I have 3 words for you:

Don't. Do. It.

Trust me.

I have personal experience in this area. When my husband and I first got married, his mom lived with us for 6 months. I can't remember the reasoning now (or perhaps have blocked it), but it was the worst 6 months ever. She didn't have freinds or anything to do beyond work, and she was there ALL THE TIME. At the time, we (my hubby and I) didn'tget the chance to live together before the wedding, so we didn't get to the honeymoon phase of the relationship before we were married, and having his mom there was horrible. Absolute hell.

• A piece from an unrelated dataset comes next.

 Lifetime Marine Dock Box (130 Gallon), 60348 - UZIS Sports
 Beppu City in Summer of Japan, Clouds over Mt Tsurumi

On top of her there all the time, she insisted on being "the mom" to him and trying to care for him. Granted, they hadn't seen each other very much in the 5 years previous, but still.... I wasn't able to get a dinner in edgewise in this. I came very close to leaving him because of her.

I did stick it out, and we have been married for 15 years now. I harbored a very hateful attitude toward her for a very long time. It didn't let up until our first child was born 5 years from the time we got married.

It is your life, and it is up to you, but if I could go back and do it over again, I would put my foot down on this.

OlySky

I concur w/ SW ... DON'T DO IT!

I've experienced this and it came to a point where I had to question "When does the line become crossed between me helping her out and her taking advantage of me?"

She's controlling and a big baby! She's the baby of her siblings and is/was always very spoiled. And it spilled over into her adult life. If things don't go her way or if I didn't listen to her and do things exactly as she said she'd get all pouty and pissed. There was even one point in time I invited her to come hang out with me (I was w/ a bunch people around her age and they were all friends already). I had already made plans to meet up with a guy I'd been seeing for a few months. When the rest of our crew decided to leave, I decided to stay and wait for the guy (he was running late). My mom at first was going to leave with the rest of the group, but at the last mintue decided to stay. She turned into a raging bitch! And was talking mass shit about a guy she had never even met! When he finally got there I was pumped. Told my mom we were going to check some other places out and she got pissed! She said she called for a ride and what not so I left. Now she accuses me of ditching her for a guy! And she was rude as hell to the guy!

Ah Mother's! Gotta love 'em (even if sometims it's because you HAVE TO!)
**Side note: I still love my mom, and would still take her in, in a heart beat, but maybe lay some ground rules next time =)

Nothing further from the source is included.